#### Source data

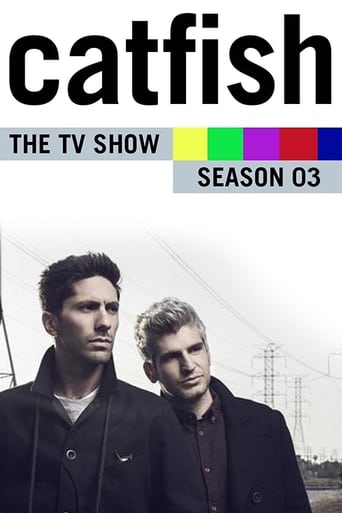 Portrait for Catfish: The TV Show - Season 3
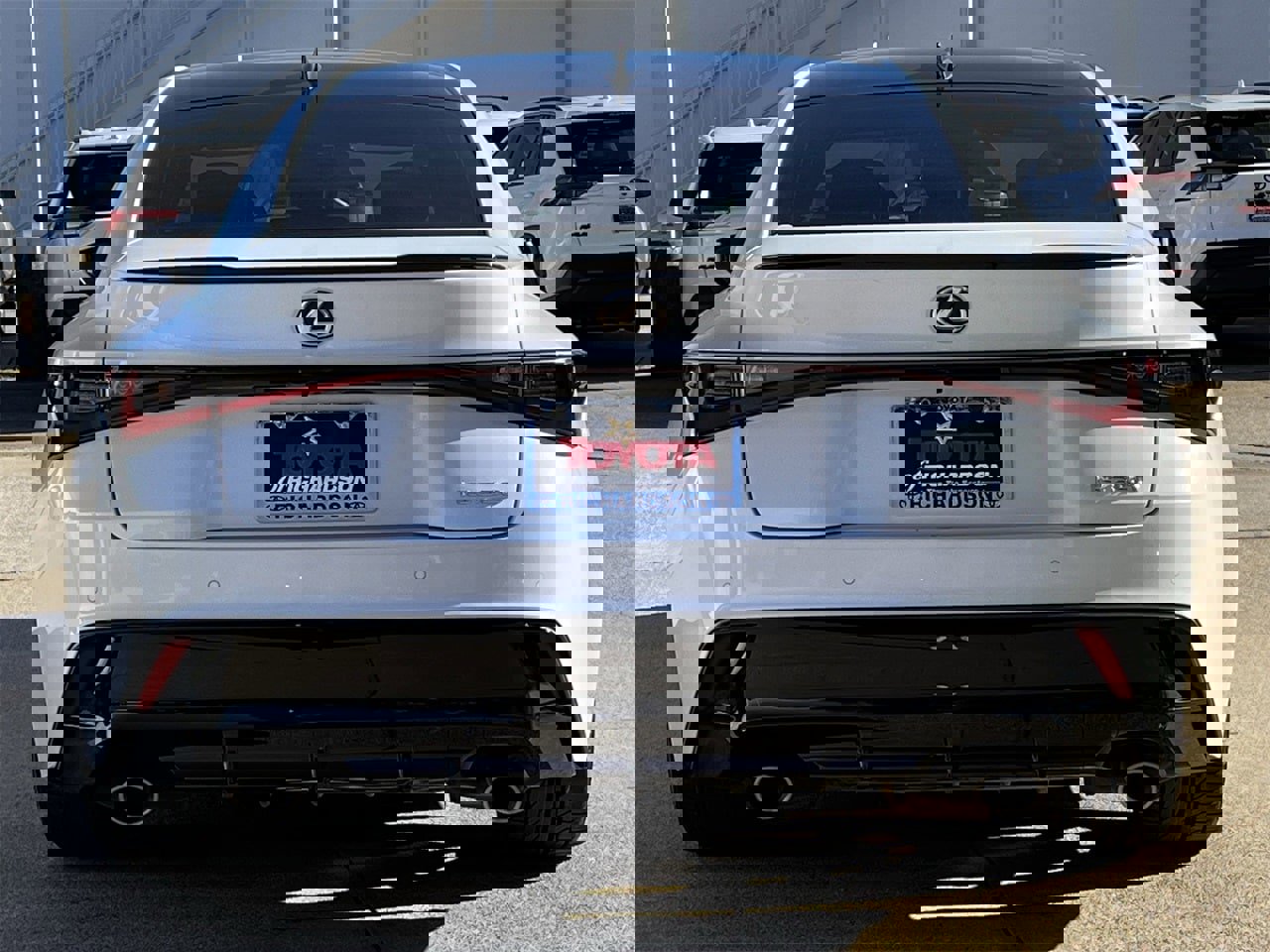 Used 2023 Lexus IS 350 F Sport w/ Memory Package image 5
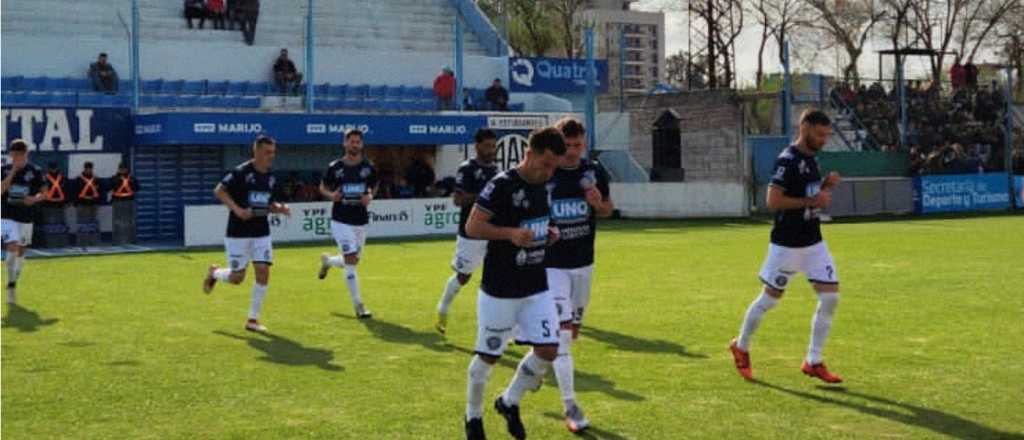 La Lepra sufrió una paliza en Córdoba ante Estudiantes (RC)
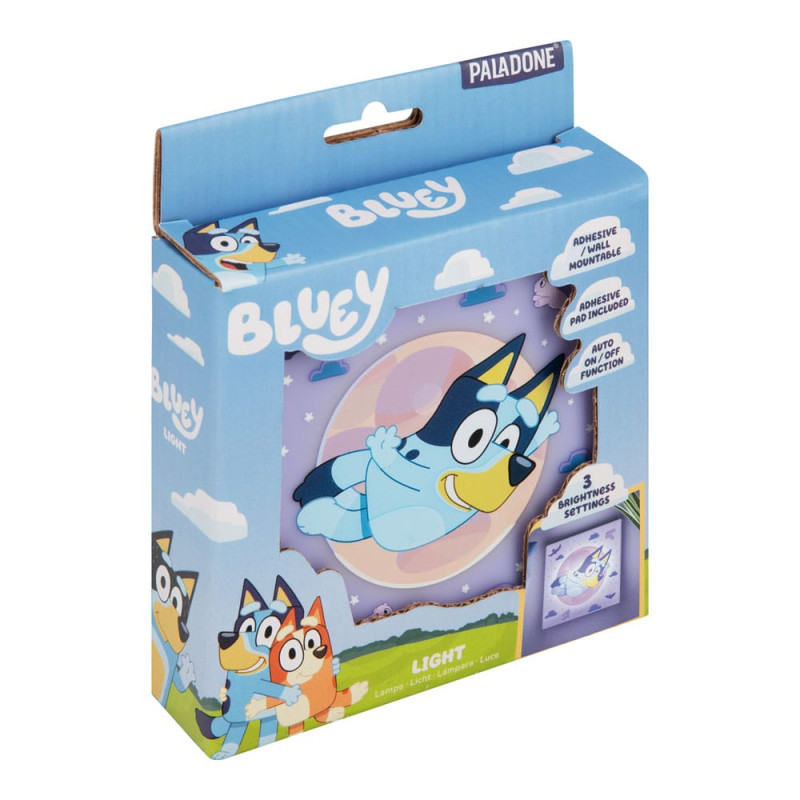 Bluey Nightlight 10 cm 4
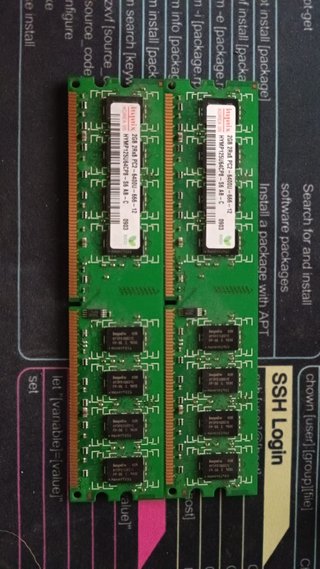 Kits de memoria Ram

########

## Work to be completed
When you reach the line containing "La Lepra sufrió" in the entries above, please retype it and each line after it through the last one, exactly, without the pictures.

## Result of the exercise
 La Lepra sufrió una paliza en Córdoba ante Estudiantes (RC)
 Bluey Nightlight 10 cm 4
 Kits de memoria Ram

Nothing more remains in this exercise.